= Sanabal Charitable Committee =

Front organisation for funding terrorism
The Sannabil Charitable Committee was a charity front in the United Kingdom which raised money for the banned terrorist organization called the Libyan Islamic Fighting Group, which is aligned with al-Qaeda. Sannabil was banned worldwide, and its assets frozen, on 7 February 2006 by the United Nations Security Council Committee 1267. Several related corporations and individuals were embargoed at the same time (see Libyan Islamic Fighting Group).

In the Combatant Status Review Tribunal of Fenaitel Daihani, some of the evidence against him was his previous work for Sannabil.
The Combatant Status Review Tribunal states:
- "The Sannabil Charitable Committee is considered a fund raising front for the Libyan Islamic Fighting Group."
- "The Libyan Islamic Fighting Group is listed as a terrorist organization in the U.S. Dept. of Homeland Security Terrorist Organization Reference Guide."

Al Daihani, an accountant at Kuwait's State Audit Bureau, stated that he thought the Sannabil Committee was a legitimate charity, with its headquarters in London.

In May 2006 police Greater Manchester Police's anti-terrorism unit conducted 18 raids under the 2000 Terrorism Act, including the offices of the Sannabil Relief Agency.
The BBC reported that these raids were linked to support for the insurgency in Iraq.
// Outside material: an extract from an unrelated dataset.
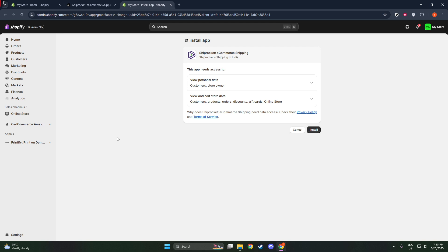And there you have it, a quick and simple way to integrate ShipRocket checkout with your Shopify store. With the integration complete, you now have a more robust solution for managing shipments and providing better service to your customers. Your business is ready to handle everything more efficiently, from local deliveries to international shipments. Thanks for watching, and happy shipping!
Seven other people were arrested and charged at the same time on a mix of terrorism and immigration charges. Nasuf was due to be deported back to Libya under new powers given to the Home Secretary to deport any foreign national thought to be a security threat. Ten suspects were arrested. Two were released. Among the remaining eight suspects was a Libyan refugee named Tahir Nasuf.